Adams' Web site (fishermanscoast.com) is just as interesting, I might add, and another great way to pass a gray winter day.
The "Pirates" episodes will be in reruns through the end of March. You can see the profile of Kreh at 9 a.m. Feb. 14. Check ESPN Outdoors for the schedule.
The Cabin Fever series at the Boatyard continues Jan. 26 with the movie "Chasing Silver." The rest of the schedule can be found at boatyardbarandgrill.com.
Scales of justice
On Friday afternoon, Courtroom 4 in Anne Arundel District Court had its usual array of defendants, police and lawyers.
And two sets of antlers.
It was the opening act in what law enforcement and the judicial branch hope will be a more effective means of dealing with those accused of violating natural resources and boating safety laws. On the third Friday of the month, all Anne Arundel cases will be on the same docket. Colin Kelly, an assistant state's attorney up to speed on natural resources law, has been assigned to prosecute them and appears ready to do so with vigor.
Judge Megan Johnson, herself a former prosecutor, was crisp and all business in dealing with the 60 cases on the docket. "Your request for postponement is uninspiring," she told a defendant looking for another continuance in a 2008 case. "Sit down. We'll be back with you."

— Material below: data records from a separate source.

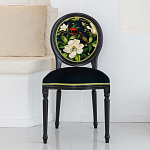Стул чёрный из натурального бука с изображением птица в саду Blooming Red Birds варинант исполнения - 3 | Loft Concept во Владивостоке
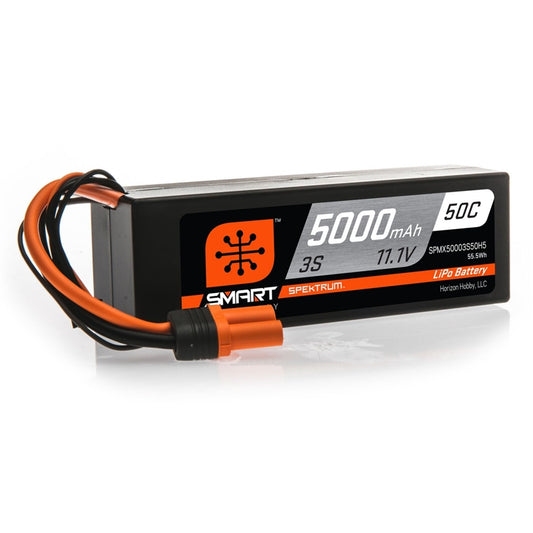 Spektrum 3S 11.1V 5000mAh 50C Smart Hardcase LiPo Battery - IC5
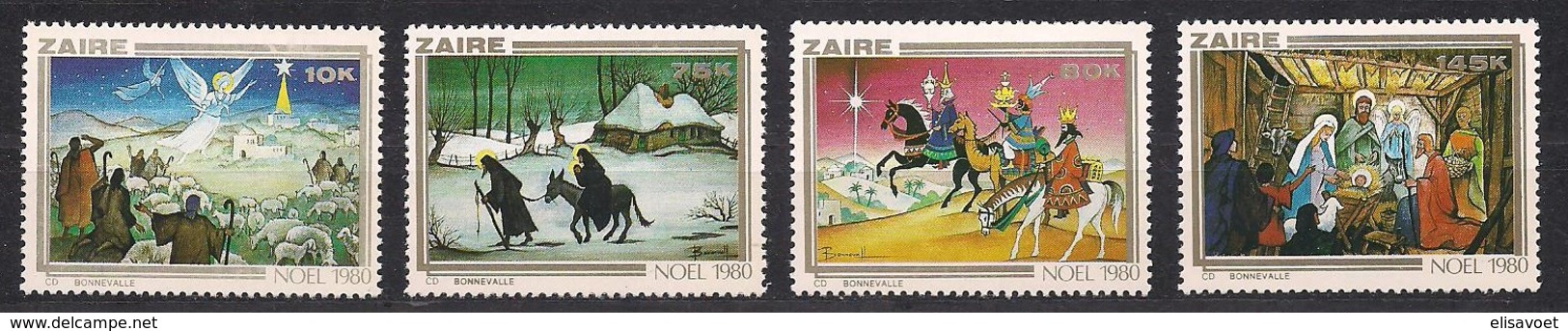 Zaire 1980 OCBn°  1071 - 1074*** MNH Cote 4,00 Euro Kerstmis - Neufs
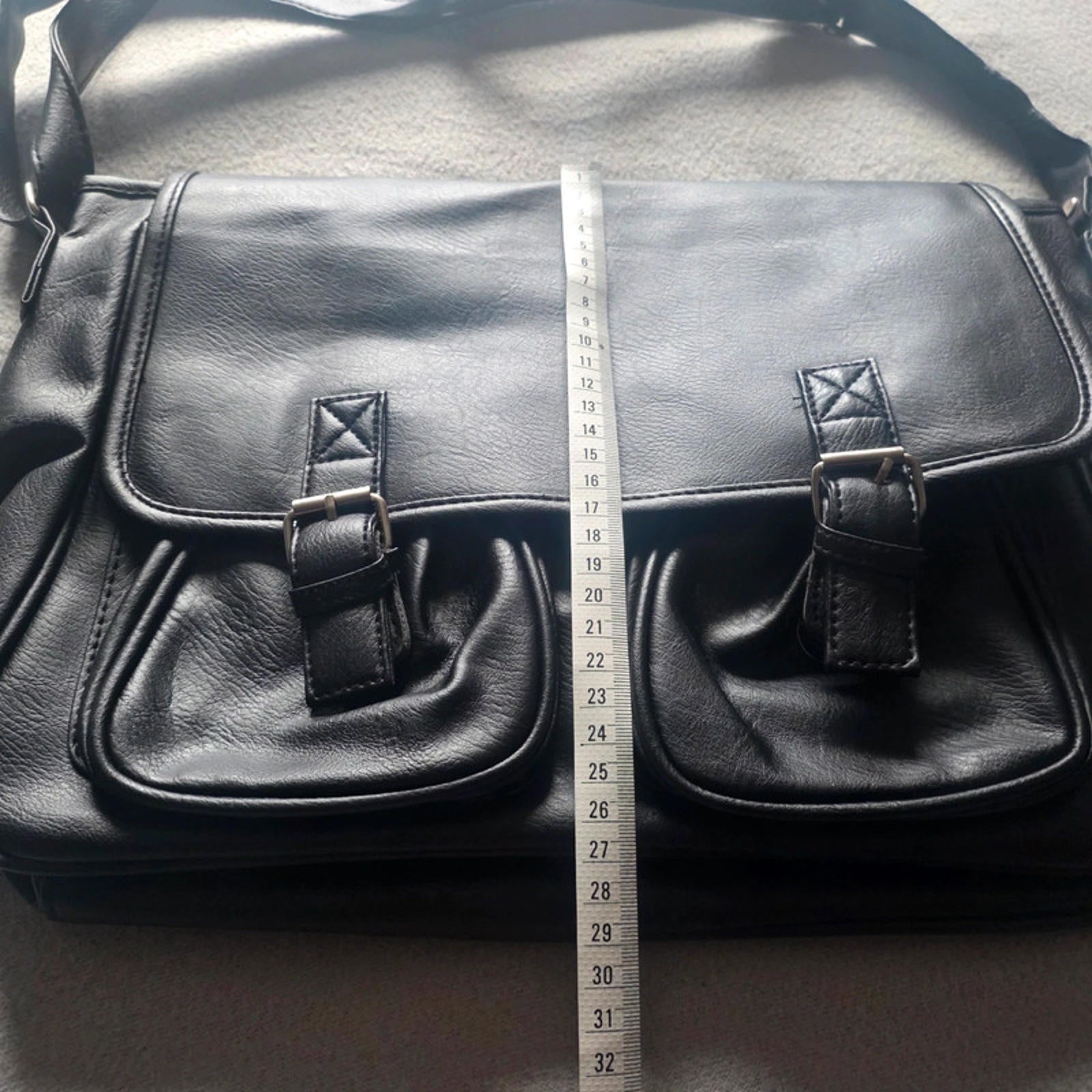 Black Faux Leather Messenger Bag Cross Body Satchel 2 Front Pockets Adjustable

She fined illegal crabbers, drunken and reckless boaters, and deer and fish poachers. "It'll be a costly deer for you," she told a man as she fined him $950 for Sunday hunting and for hunting with an illegal weapon in Annapolis.

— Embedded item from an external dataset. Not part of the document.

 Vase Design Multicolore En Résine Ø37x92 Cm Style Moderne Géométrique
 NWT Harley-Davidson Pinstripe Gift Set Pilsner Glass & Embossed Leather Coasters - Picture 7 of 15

Everyone seemed pleased with the first day of the pilot program that officials hope can be used in other counties.
There are a few kinks to iron out. It was a light caseload; as the weather warms, the docket could overwhelm the system or require more court time than the half day now set aside. Not all judges are as efficient as Johnson. And, finally, having all the Natural Resources Police officers from the same patrol district in court on the same day raises the question: Who's minding the store?
But these things are fixable. Hats off to the folks who made this happen.
The final harvest numbers still aren't in from the feds (Hello? Anybody home?) that would allow the Fisheries Service to craft options for this year's recreational flounder season. But here's the best guess.
If overfishing last year was about 14 percent, as early returns indicate, the state will likely propose an 18.5-inch minimum size and a three-fish creel for both the Chesapeake Bay and the coast.
If the overfishing was closer to 25 percent, look for a 19-inch minimum, three-fish creel.
In either case, the state probably would ask regulators for permission to extend the season for a few days. Because of angler activity, more fish are caught in the fall than the spring, meaning there's a likelihood any significant add-on days would come in April rather than October.